Obtaining suitable PCSS materials presents certain challenges. For example, the purchase of PCSS materials is difficult as these materials are very expensive. Moreover, conventional formation techniques of suitable PCSS materials typically involve growing single crystals from seed crystals to a desired size and purity prior to cutting the single crystals into the desired shapes and size for photoconductive switches. This single crystal growing process, however, is extremely slow, costly and requires high formation temperatures, which limits the quantity and type of doping agents that may be dispersed in the molten single crystal growing process. Additionally, the crystal growing process is difficult to control, and frequently leads to crystal boules with significant imperfections, such as “pipes,” inclusions, impurities, and/or other defects, which reduce the useful yield of the boule itself and yields a final crystal product with less than desirable performance characteristics, especially in optical applications, such as PCSS applications.
Conventional methods for forming PCSS materials, with laser optical transparency, from nanopowders also present several disadvantages. Such processes typically start with a very pure co-precipitated powder, which is then slip cast in the presence of a gelling agent to form the green structure prior to sintering.
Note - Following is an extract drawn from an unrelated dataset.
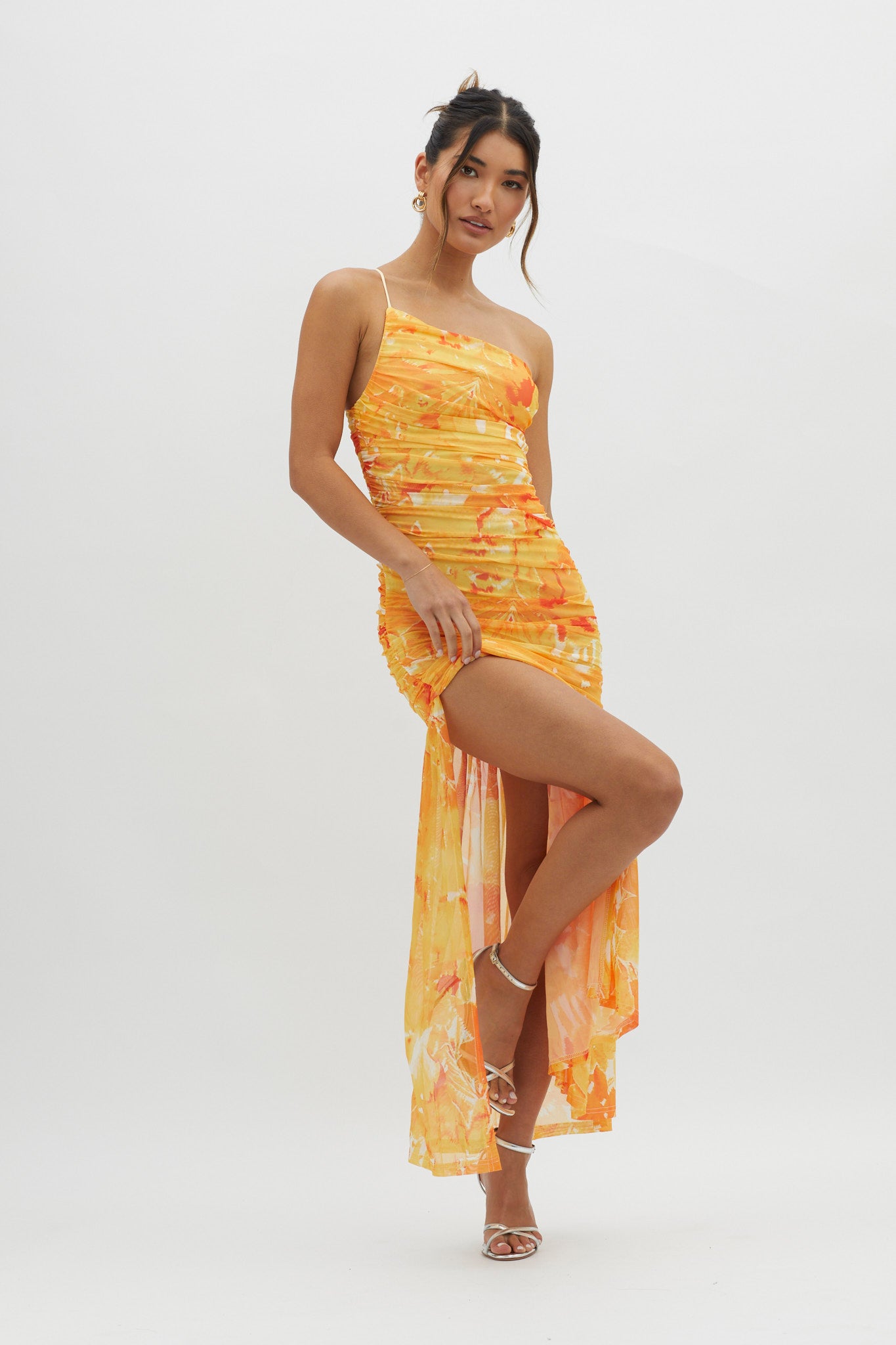 Golden Sun One-Shoulder Ruched Maxi Dress Yellow-Maymioy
A uniform slurry of high purity powder is poured into a plaster mold, which sucks the water out of the slurry by capillary forces and produces the green structure after drying. Using fluid flow and surface tension to consolidate the ceramic powder allows parts to be made with a uniform powder packing. However, because the mold removes the water, slip casting can only be used for relatively thin parts. The need for a very porous surface on the mold also introduces another variable in the green structure fabrication. The porous mold, usually made of commercial gypsum, may also be a source of contamination. Moreover, the presence of the gelling agent, or its by products, in the final structure is an impurity that adversely affects the optical properties of the ceramic. Cold uniaxial pressing and cold isostatic pressing have also been used to make transparent parts. However, inter-particle friction during the pressing process tends to prevent densification in the center of the part so that size of the part must be kept small enough that this does not cause porosity.
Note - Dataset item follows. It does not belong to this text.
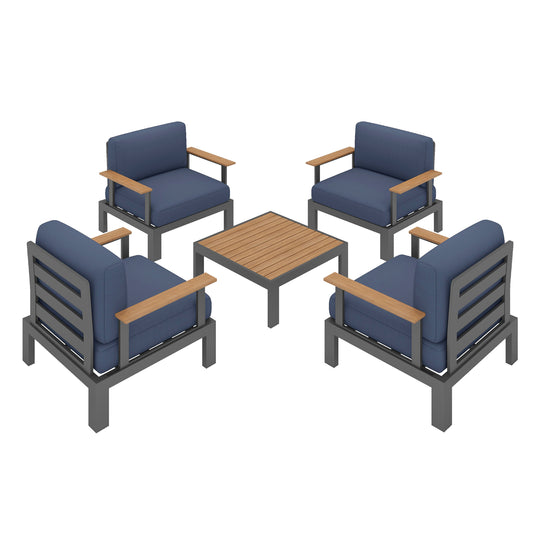 Flexion Home Newport 5‑Piece Outdoor Modular Conversation Set - FlexionHome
Finer nano-sized powder than that produced by precipitation may be used. This can be especially important for achieving high transparency needed for lasers. Finer particles, because of their increased surface area, sinter more easily. However, smaller nano-sized particles behave differently than larger (such as micrometer) sized particles during green structure consolidation. For instance, smaller particles experience more friction as they move past one another in a die making it more difficult to produce a uniform structure through cold pressing, especially where larger parts are desired. The higher surface area of finer particles also requires more water for wetting making it difficult to get the solids loading high for slipcast slurries. As a result, after slip casting there is significant shrinkage on drying, often leading to cracking and other problems. Finer particles are more susceptible to surface-area-dependent chemical reactions, as may occur between a porous mold and certain ceramic powders.
Since it is difficult to find all of the desired properties in a single material which can be used in PCSS application in a cost efficient way, it would be desirable to have methods to make materials that can be used in PCSS applications and/or to have additional materials capable of being used in PCSS applications that can be manufactured and/or produced more inexpensively and precisely than conventionally used materials.